Make a NumPy `ndarray` subclass called `MyArray`. It needs to override [``__array_ufunc__``](https://numpy.org/doc/stable/reference/arrays.classes.html#numpy.class.__array_ufunc__) to specialize how certain ufuncs are handled.

In [2]:
class MyArray(np.ndarray):
 def __array_ufunc__(self, ufunc, method, *inputs, **kwargs):
 # This is a "magic" method in NumPy subclasses to override 
 # the behavior of NumPy’s ufuncs.
 if method == "__call__":
 N = None
 scalars = []
 for inp in inputs:
 # If scalar?
 if isinstance(inp, Number):
 scalars.append(inp)
 # If array?
 elif isinstance(inp, (type(self), np.ndarray)):
 if isinstance(inp, type(self)):
 scalars.append(np.ndarray(inp.shape, inp.dtype, inp))
 else:
 scalars.append(inp)
 # Guard shape
 if N is not None:
 if N != inp.shape:
 raise TypeError("inconsistent sizes")
 else:
 N = inp.shape
 # If unknown type?
 else:
 return NotImplemented
 print(f"NumPy: {type(self)}.__array_ufunc__ method={method} inputs={inputs}")
 ret = ufunc(*scalars, **kwargs)
 return self.__class__(ret.shape, ret.dtype, ret)
 else:
 return NotImplemented

## Register the new NumPy subclass type in Numba


Make a subclass of the Numba `Array` type to represent `MyArray` as a Numba type.

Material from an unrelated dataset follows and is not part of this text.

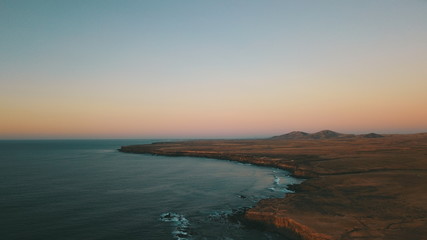 Landscape and sunset on the coast contemplating the breaking of the waves on the cliffs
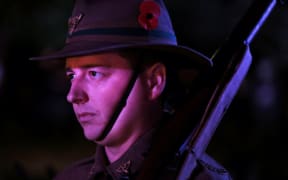250414. Photo Diego Opatowski / RNZ. ANZAC Day celebrations in Wellington. Soldier on the Cenotaph.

Similar to the NumPy `ndarray` subclass, the Numba type also has a `__array_ufunc__` method, but the difference is that it operates in the Numba _typing domain_. Concretely, it receives ``inputs`` that are the argument types, not the argument values, and it returns the type of the returned value, not the return value itself.

In [3]:
class MyArrayType(types.Array):
 def __init__(self, dtype, ndim, layout, readonly=False, aligned=True):
 name = f"MyArray({ndim}, {dtype}, {layout})"
 super().__init__(dtype, ndim, layout, readonly=readonly,
 aligned=aligned, name=name)
 
 # Tell Numba typing how to combine MyArrayType with other ndarray types.
 def __array_ufunc__(self, ufunc, method, *inputs, **kwargs):
 """
 This is the parallel for NumPy's __array_ufunc__ but operates on Numba types instead.
 In NumPy's __array_ufunc__, this performs the calculation, but here we 
 only produce the return type.
 """
 if method == "__call__":
 for inp in inputs:
 if not isinstance(inp, (types.Array, types.Number)):
 return NotImplemented
 print(f"Numba: {self}.__array_ufunc__ method={method} inputs={inputs}")
 return MyArrayType
 else:
 return NotImplemented

We need to teach Numba that ``MyArray`` corresponds to the Numba type ``MyArrayType``. This is done by registering the implementation of `typeof` for `MyArray`.

In [4]:
@typeof_impl.register(MyArray)
def typeof_ta_ndarray(val, c):
 # Determine dtype
 try:
 dtype = numpy_support.from_dtype(val.dtype)
 except NotImplementedError:
 raise ValueError("Unsupported array dtype: %s" % (val.dtype,))
 # Determine memory layout
 layout = numpy_support.map_layout(val)
 # Determine writeability
 readonly = not val.flags.writeable
 return MyArrayType(dtype, val.ndim, layout, readonly=readonly)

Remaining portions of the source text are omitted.